What needs to be done:
What should be copied is the stretch of entries below from the line with "电泳静电喷涂一体化涂装生产线" up to and including the line with "YASUNI Escape completo", exactly and without images.

Data for processing:
:::

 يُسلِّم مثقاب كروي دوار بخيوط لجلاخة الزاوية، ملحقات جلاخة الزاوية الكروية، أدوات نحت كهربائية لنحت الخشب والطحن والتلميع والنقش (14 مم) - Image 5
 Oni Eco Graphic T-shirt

:::

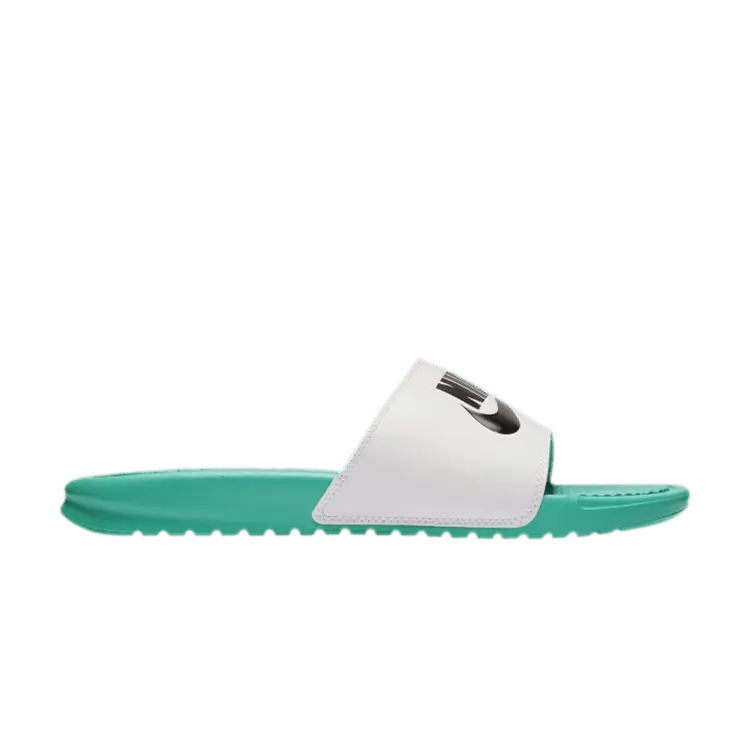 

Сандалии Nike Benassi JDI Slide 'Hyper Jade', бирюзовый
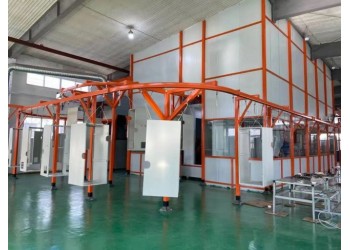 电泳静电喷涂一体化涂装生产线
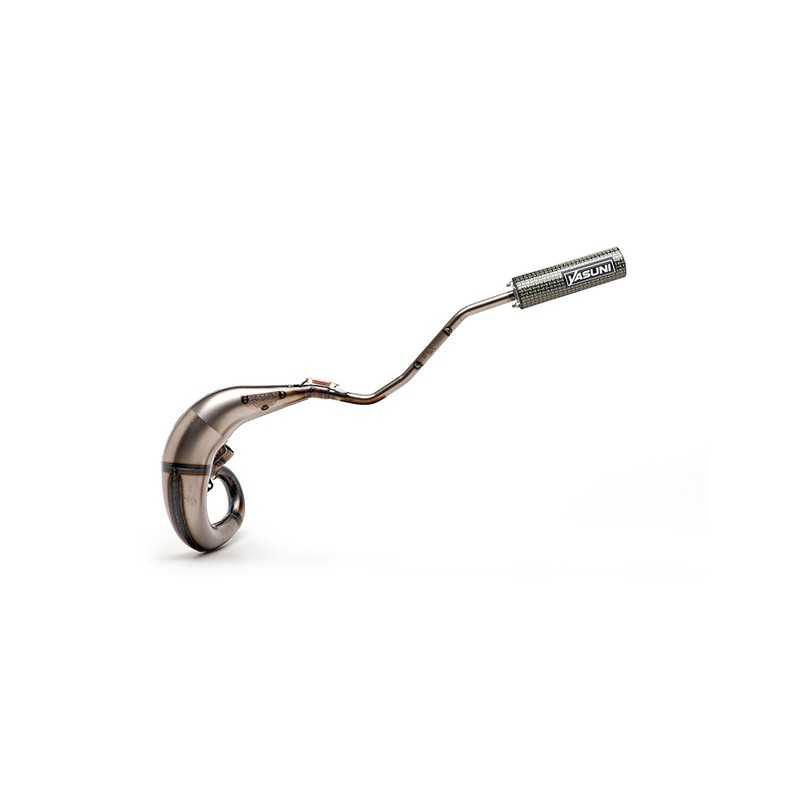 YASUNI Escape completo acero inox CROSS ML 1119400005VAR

:::

The completed task:
 电泳静电喷涂一体化涂装生产线
 YASUNI Escape completo acero inox CROSS ML 1119400005VAR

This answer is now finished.